The Truth about the Harry Quebert Affair by Joël Dicker
Thirty-three years after she disappears, the body of Nola Kellergan is unearthed in a garden bed and the case into her murder opens. When novelist-wunderkind Marcus Goldman launches a private investigation into the Nola Kellergan affair, he becomes the target of increasingly dramatic threats.
Joël Dicker’s second novel The Truth about the Harry Quebert Affair is a twisty literary murder mystery set in small-town America. The narrative presents multiple points of view and comprises manuscripts excerpts, letters, diary entries, interviews, transcripts, fantasy, and red herrings galore as well as Marcus’s account of the whole.

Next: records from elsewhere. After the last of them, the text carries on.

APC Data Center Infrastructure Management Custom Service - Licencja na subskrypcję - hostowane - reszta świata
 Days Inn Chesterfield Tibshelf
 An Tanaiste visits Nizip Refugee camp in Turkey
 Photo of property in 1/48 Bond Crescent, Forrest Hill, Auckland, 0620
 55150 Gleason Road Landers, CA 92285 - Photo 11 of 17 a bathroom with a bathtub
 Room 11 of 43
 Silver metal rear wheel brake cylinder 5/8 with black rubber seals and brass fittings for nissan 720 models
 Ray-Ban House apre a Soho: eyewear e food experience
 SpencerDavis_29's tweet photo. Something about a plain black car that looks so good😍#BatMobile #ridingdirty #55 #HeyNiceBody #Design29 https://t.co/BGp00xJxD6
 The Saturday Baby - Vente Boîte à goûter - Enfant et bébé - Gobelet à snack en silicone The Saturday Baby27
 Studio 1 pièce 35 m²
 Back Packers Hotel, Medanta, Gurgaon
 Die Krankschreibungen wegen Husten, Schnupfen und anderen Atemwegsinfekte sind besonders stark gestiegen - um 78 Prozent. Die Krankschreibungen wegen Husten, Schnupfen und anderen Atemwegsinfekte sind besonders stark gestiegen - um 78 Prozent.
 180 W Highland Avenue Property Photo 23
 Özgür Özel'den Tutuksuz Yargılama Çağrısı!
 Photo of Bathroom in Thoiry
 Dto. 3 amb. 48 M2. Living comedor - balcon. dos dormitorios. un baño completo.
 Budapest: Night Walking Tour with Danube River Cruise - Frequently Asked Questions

With two authors as central characters, this is also a novel about book production, agents and editors, contractual obligations, marketing and publicity, the creative process, and writing discipline. Harry Quebert’s 31 tips on novel-writing and the writing mindset steer the reader through the 600-page whopper.
“The first chapter, Marcus, is essential. If the readers don’t like it, they won’t read the rest of your book. How do you plan to begin yours?”
Hilariously, despite being presented as two of the greatest contemporary American writers, the love letters and writing excerpts of Quebert and Goldman are trashy - it is Swiss author Joël Dicker’s prose which stands out as confident, wily, and well-engineered.
Talking of standouts: Marcus’s investigation is interrupted several times by phone calls from his mother haranguing him to get a nice, punctual girlfriend; she reminded me of Aunt Gladys in Philip Roth’s debut novel Goodbye, Columbus. I also enjoyed Tamara Quinn’s dreadful henpecking of her husband.